A new report has shed light on the complicity of several foreign timer companies in the ongoing crisis in the Central African Republic (CAR), saying they have funded armed groups operating in the conflict-hit country.
Timber firms from France, Lebanon and China paid almost €3.4 million (USD 3.7 million) in security and checkpoint payments to the Seleka militia group in 2013, according to the report published on Wednesday by London-based campaign group Global Witness.
The logging companies also paid nearly €128,000 (USD 140,000) to Christian anti-balaka militants in 2014, the report added.
“The employment and development benefits of the timber industry have long been exaggerated by the donor community and are far outweighed by the sector’s abuses and costs in Central African Republic,” the report said.

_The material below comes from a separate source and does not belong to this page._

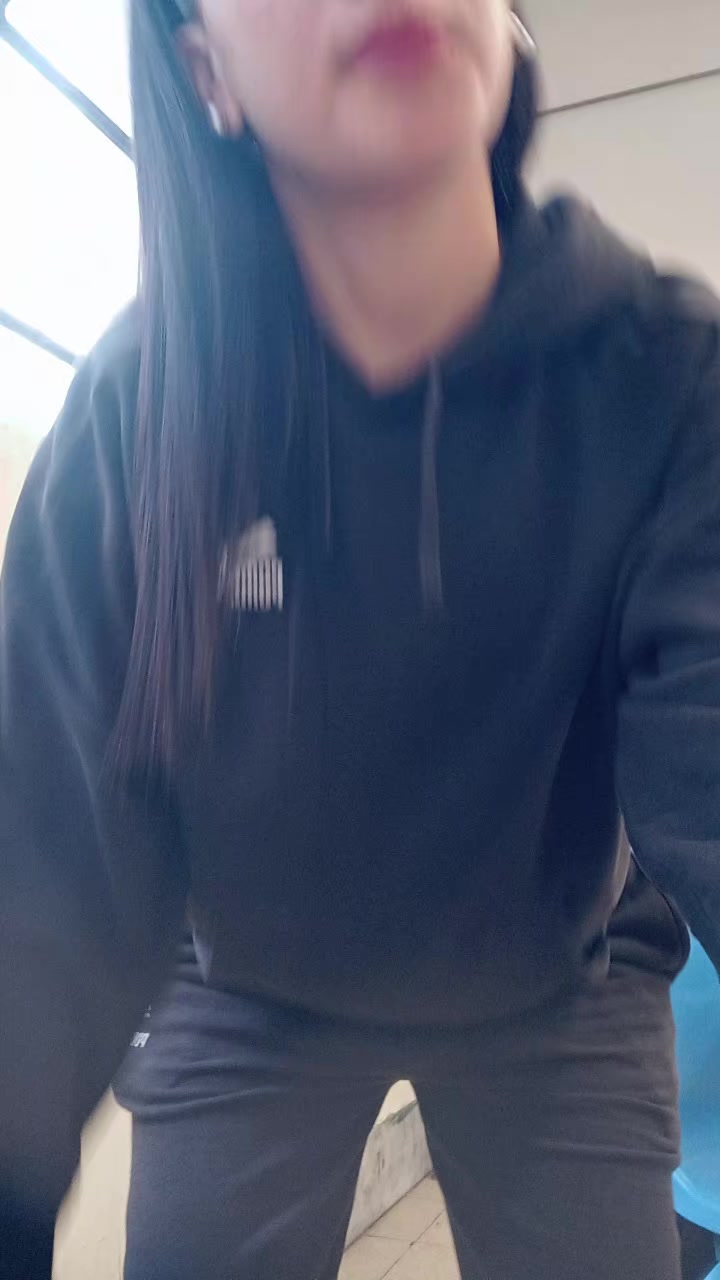 @๐๐ฆ๐ ๐๐ข๐๐ณ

The newly-released report also went on to criticize EU member states for failing to keep illicit timber off European markets, calling on the 28-nation bloc’s member states to cut all trade and aid links to CAR’s logging industry.
“It is tragically ironic that while European governments invested hundreds of millions of euros in military and peacekeeping operations in CAR, those same governments have failed to keep conflict timber off EU markets,” Alexandra Pardal, Global Witness campaign leader, said in a statement.
The Central African Republic has been the scene of violence since December 2013, when Christian militia launched coordinated attacks against the mostly Muslim Seleka group, which toppled the government in March 2013.
France deployed troops to the CAR in December 2013 under the pretext of helping restore order to its former colony following the outbreak of violence there.
At least 5,000 people have been killed and approximately one million displaced since the beginning of conflict in the landlocked African country, latest reports say.